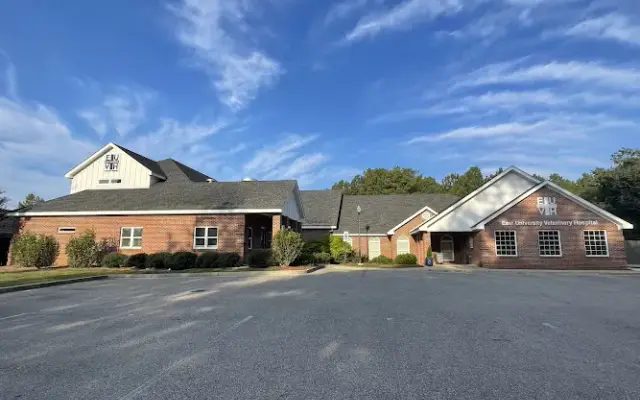 East University Veterinary Hospital in Auburn, AL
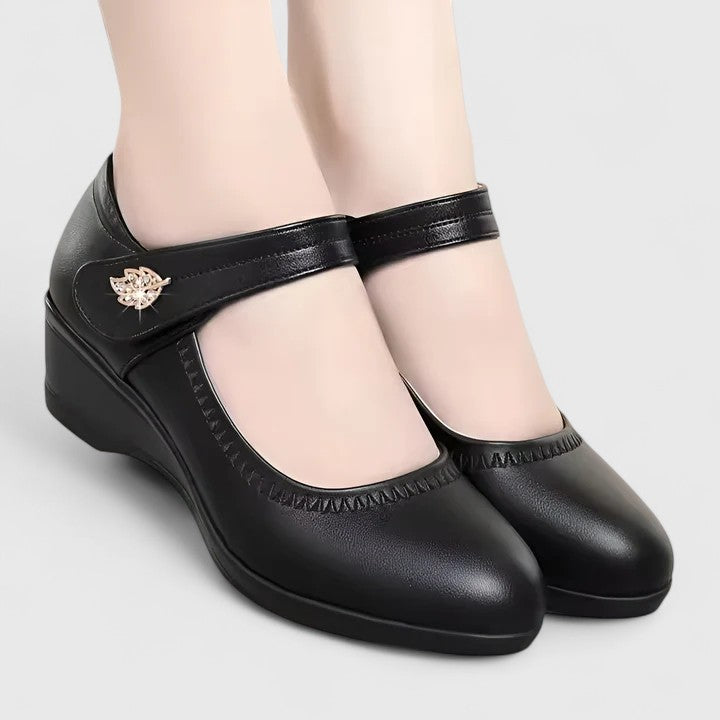 Daleyandra | Orthopaedic Shoes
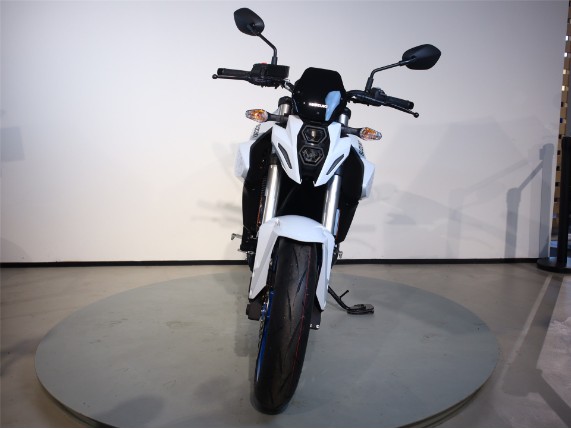 Suzuki GSX-8S GSX800 RQM3, JS1EM11AZP7105106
• • • •
— What is needed —
Exact copy required, pictures excluded: the lines from the one holding "Daleyandra | Orthopaedic Shoes" through the last line of the data, both ends included.

— Final answer —
 Daleyandra | Orthopaedic Shoes
 Suzuki GSX-8S GSX800 RQM3, JS1EM11AZP7105106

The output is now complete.